DESCRIPTION OF THE TASK
All of the records below must be reproduced exactly, minus any pictures.

Image-text web data

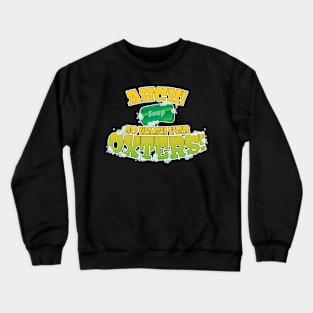 Go Wash Yer Oxters! Crewneck Sweatshirt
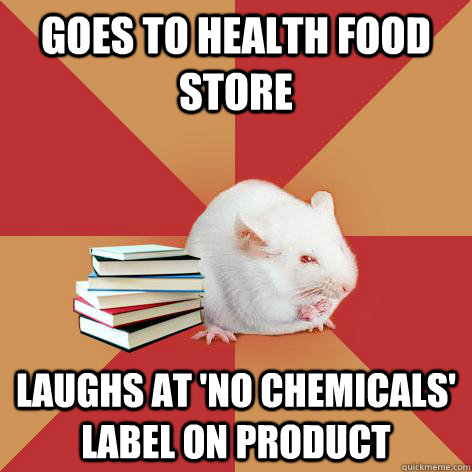 Goes to health food store Laughs at 'no chemicals' label on product  Science Major Mouse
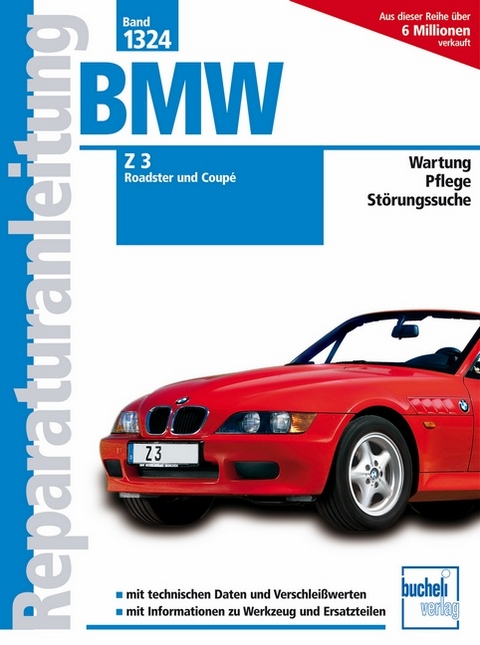 BMW Z3 Roadster und Coup&eacute; ab Modelljahr 1998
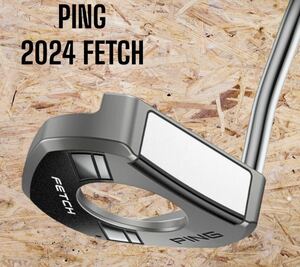 PING ピン 2024 FETCH フェッチ パター 34インチ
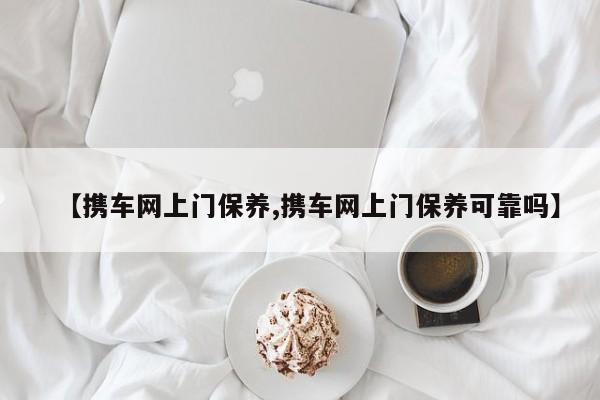 【携车网上门保养,携车网上门保养可靠吗】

RESPONSE TO THIS TASK
 Go Wash Yer Oxters! Crewneck Sweatshirt
 Goes to health food store Laughs at 'no chemicals' label on product  Science Major Mouse
 BMW Z3 Roadster und Coup&eacute; ab Modelljahr 1998
 PING ピン 2024 FETCH フェッチ パター 34インチ
 【携车网上门保养,携车网上门保养可靠吗】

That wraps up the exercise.